My goals for my race day clothing are: function, comfort and light weight. I’ve been pleased with how well the following gear has worked for me. My only complaint is that the GoLite top tends to chafe my nipples forcing me to put band aids over my nipples prior to the race.
- Light Billed Cap Very Light Synthetic 1.7oz – Prize from some race
- Polar Fleece Headband 0.8oz Bought at Schnees for a couple bucks
- GoLite Short Sleeve Top 2.7oz
- Brooks Equilibrium Briefs 1.7oz
- Nike Pro Compression Shorts 2.2oz
A light colored top and hat (white in this case) are cooler than dark colors when the conditions are sunny. Dark colors absorb heat from the sun and is a disadvantage in warm weather as compared to light colors.
Some of these articles of clothing are nearly half the weight of comparable items. This stuff is so light and comfy, I barely notice I am wearing it. I’m not sponsored at any level and have purchased everything I use with the exception of the Cap that I won at some race that I can no longer remember.
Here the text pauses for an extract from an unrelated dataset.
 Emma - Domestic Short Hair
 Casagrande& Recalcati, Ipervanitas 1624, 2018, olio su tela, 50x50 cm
The Brooks Briefs and Nike Compression Shorts team up to give me great support with zero chaffing. They may not be the most stylish for an old man in his mid fifties, but I am more concerned with function than style. There is probably a certain age that once you exceed that, compression shorts are taboo. As far as I know, I’m not quite there yet. So far, no one has told me it is time to stop wearing them.
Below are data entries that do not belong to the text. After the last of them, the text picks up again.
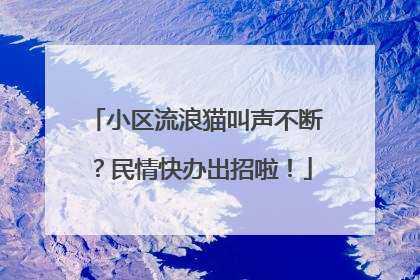 小区流浪猫叫声不断？民情快办出招啦！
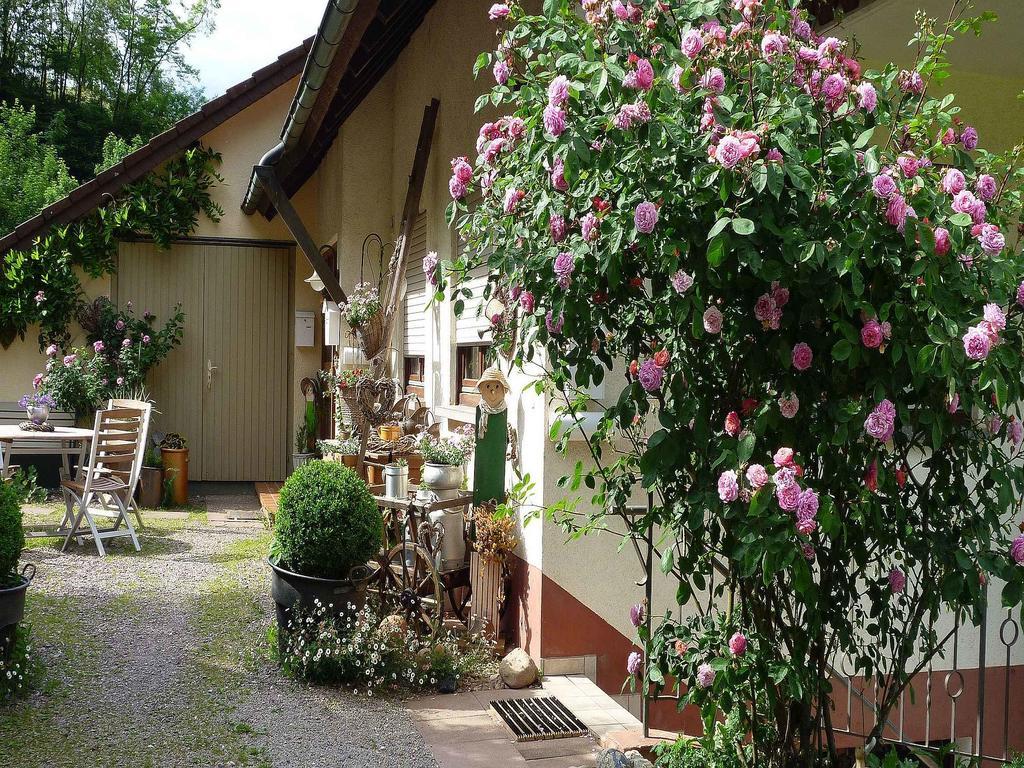 Ferienwohnung Hugelgarten Oppenau Exterior foto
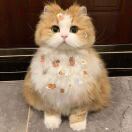 iQ Grove转租&房东直租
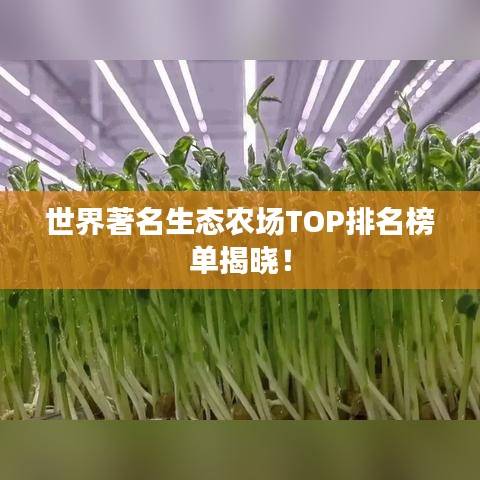 世界著名生态农场TOP排名榜单揭晓！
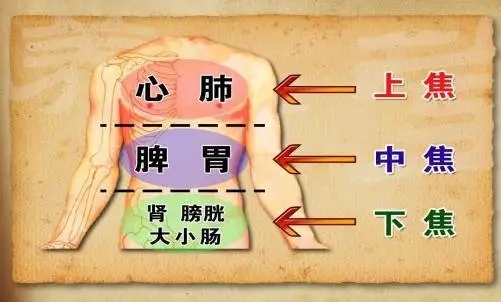 a94b565049ab4586e9f30f172b780649_640_wx_fmt=jpeg&tp=webp&wxfrom=5&wx_lazy=1&wx_co=1.png
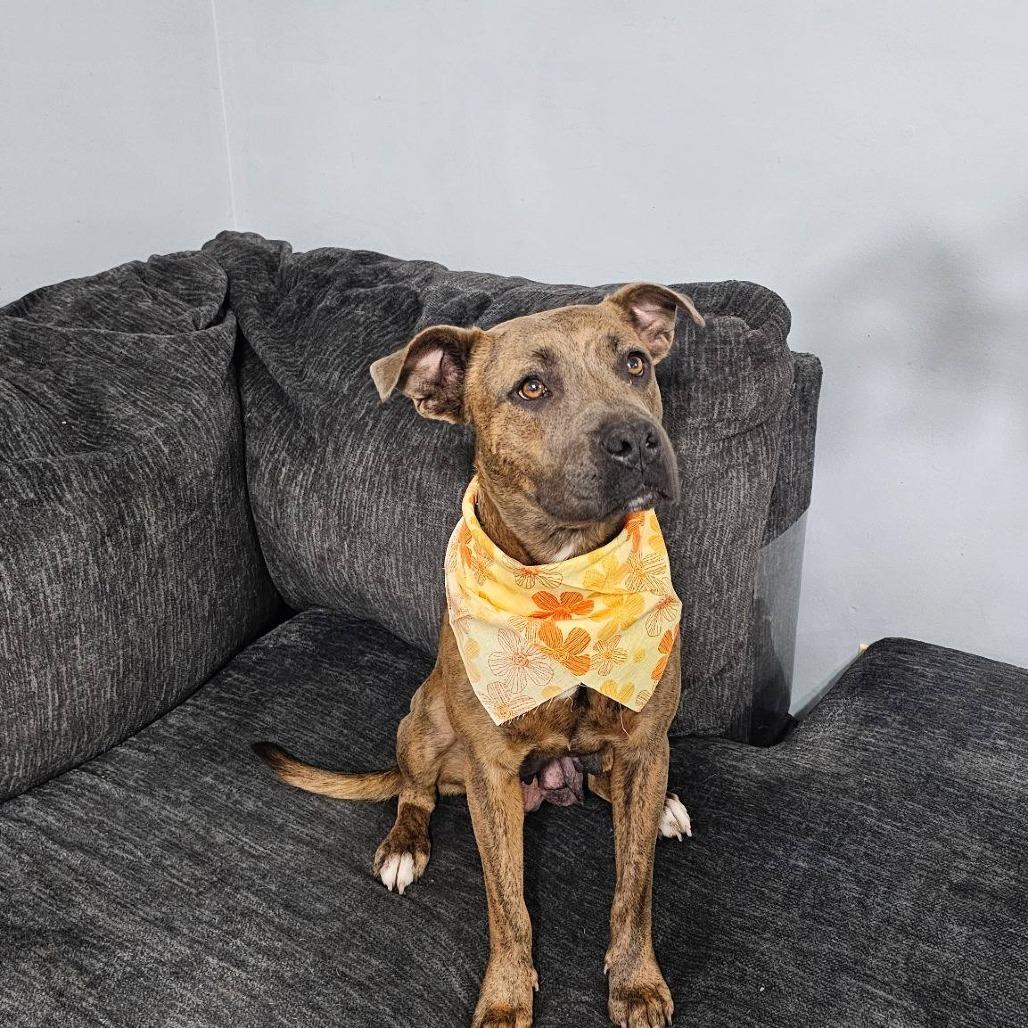 Enlarge Momma Hope, a Adoptable Pit Bull Terrier in Myrtle Beach, SC image 3/6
Fueling and Hydration System
Previously, I posted a review of Ultimate Direction Solitaire waist belt teamed with a Gatorade 24oz water bottle as my favorite hydration system for races like the Ridge Run. This combination has worked flawlessly for me in the past and 2013 was no exception. In the waist belt, I carried two packs of Clif Bloks and one pack of Gu Chomps. The Clif Bloks are the tropical punch flavor that have a bit of caffeine in them. The Gu Chomps are the cranberry flavor and also have a little caffeine in them. In case it got hot, I carried a small ziplock bag of E-Caps. This year I did not have to use any. In my pack, I also carried a small collection of tape and blister treatment stuff; just in case. Preparedness is prevention.
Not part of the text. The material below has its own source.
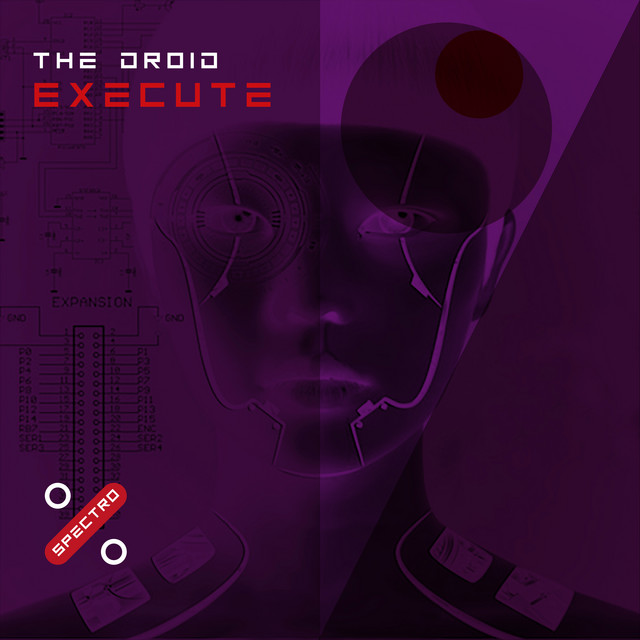 Execute cover art
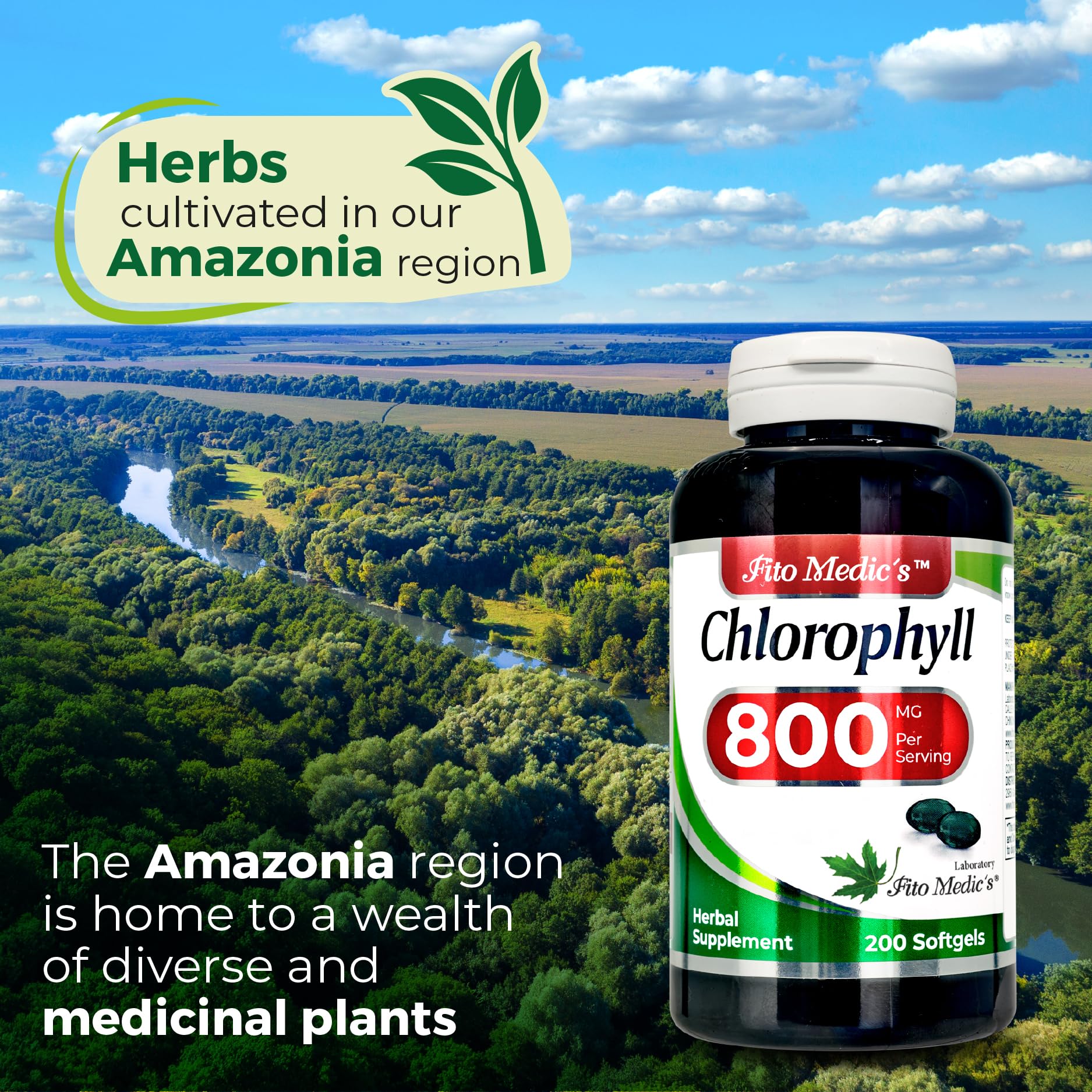 FITO MEDIC'S Lab Chlorophyll Supplement, 200 Softgels, Chlorophyll Capsules - Maple Wellness Supplements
The tiny bottle in the picture is a small amount of essential oil of peppermint for aroma therapy. Smelling it works well as a wake up and to treat my vertigo. A couple drops on the back of my hand allows me to take a sniff whenever I need to get refocused – kind of like pleasant smelling salts. To others, I must smell like a candy cane coming down the trail.
The gel flask contained a thick mixture of Vitargo. During the race, I used very little of this directly, as it tends to trigger wooziness like other gels. For me, the Bloks and Chomps work well. Perhaps, it is because they require chewing; slowing down the fueling rate to a level my system tolerates better than swigs of gel.
Over the duration of this year’s race, I used up one pack of Bloks and one pack of Chomps contributing 360 calories. My water bottle held about 160 calories of Skratch Labs at the start. At Ross Pass, I refilled it with plain water. At Bridger Bowl I swapped it with a bottle that had about 280 calories of Vitargo. At Baldy, I refilled the bottle with plain water. So my total caloric intake was 800 calories averaging 200 calories per hour. At the finish I had still had one unused pack of Clif Bloks.
In total, I drank the equivalent of four 24oz bottles – 96oz (3 quarts). After finishing the race, I was a bit dehydrated and drank another half a gallon over the next couple hours as I recovered.
My only low energy patch was coming down from Baldy. Weakness there was probably from being sick before the race – not from lack of fueling. In my experience, getting sick impedes my endurance fitness. It sets me back and requires a bit of training to get back to where I was before getting sick.